Tuesday, May 12, 2009

"Smile: Happines" quotes of the week #9.3rd round

Sunday:
"Action seems to follow feeling, but really action and feeling go together; and by regulating the action, which is under the more direct control of the will, we can indirectly regulate the feeling, which is not."

Monday:
"Before entering a man's office I would pause for an instant and think of the many things I had to be thankful for, work up a great big, honest-to-goodness smile, and then enter the room with the smile just vanishing from my face. It was easy then to turn on a big, happy smile. Seldom did it fail to get the same kind of smile in return from the person I met on the inside. When Miss Secretary went in to the boss and announced me, I feel sure she reflected some part of the smiles we'd exchanged in the outer office, for she would usually come back still wearing that smile."
Frank Bettger

Tuesday:
"There is no other weapon in the whole feminine armory to which men are so vulnerable as they are to a smile... It is a thousand pities that women put no stress on cheerfulnes as either a virtue or a duty, because there is no other quality that goes so far toward making marriage a success and keeping a husband nailed to his fireside. There is no man who doesn't hasten his footsteps to his own home at night if he knows he is going to find in it a woman whose smile makes sunshine within it."
Dorothy Dix

Wednesday:
"Give every living soul you meet the best smile you ever smiled in your life, even your own wife and children, and see how much better you feel and look. It's one of the best way I know to stop worrying, and start living. When I began doing this, I found I became more welcome everywhere."
Frank Bettger

Thursday:
"So many languages in the world, and a smile speaks them all."

Friday:
"Start everyday day off with a smile and get it over with."
W. C. Fields

Saturdary:
"Your smile is your first introduction."

Sunday, May 3, 2009

Winning friends.

"If you would win a man to your cause, first convince him that you are his sincere friend. Therein is a drop of honey that catches his hear, which is the high road to his reason, and which, when once gained, you will find but little trouble in convincing his judgment of the justice of your cause, if indeed that cause be a just one."

Abraham Lincoln

"Appreciation & Praise; quotes of the week #8.3rd round

Sunday:
"Praise your competitors."
Frank Bettger

Monday:
"I will speak ill of no man - and speak all the good I know of everybody."
Benjamin Franklin

Tuesday:
"I shall never again want anything I'm not entitled to; it cost too much."
Frank Bettger

Wednesday:
"In doing what we ought we deserve no praise."
Latin Proverb

Thursday:
"Never neglect the little things.
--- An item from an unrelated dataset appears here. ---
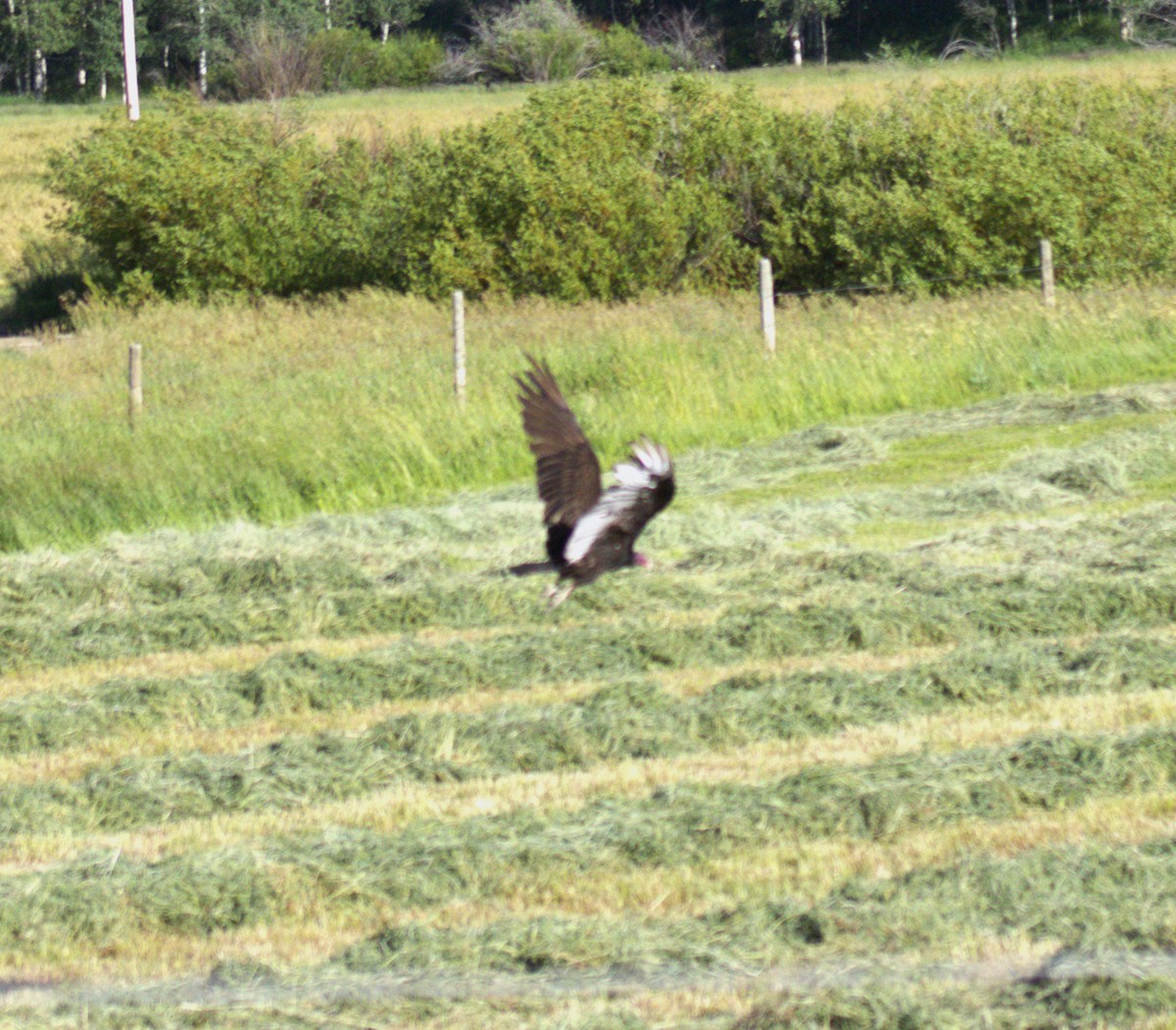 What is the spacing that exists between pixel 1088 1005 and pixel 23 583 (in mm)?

Never skimp on that extra effort, that additional few minutes, that soft word of praise or thanks, that delivery of the very best that you can do. It does not matter what other thinks, it is of prime importance, however, what you think about you. You can never do your best, which should always be your trademark, if you are cutting corners and shirking responsabilities. You are special. Act it. Never neglect the little things."
Og Mandino

Friday:
"A refusal of praise is a desire to be praised twice."
Francois de la Rochefoucauld

Saturday:
"You'll seldom experience regret for anything that you've done. It is what you haven't done that will torment you. The message, therefore, is clear. Do it! Develop an appreciation for the present moment. Seize every second of your life and savor it. Value your present moments. Using them up in any self-defeating ways means you've lost them forever."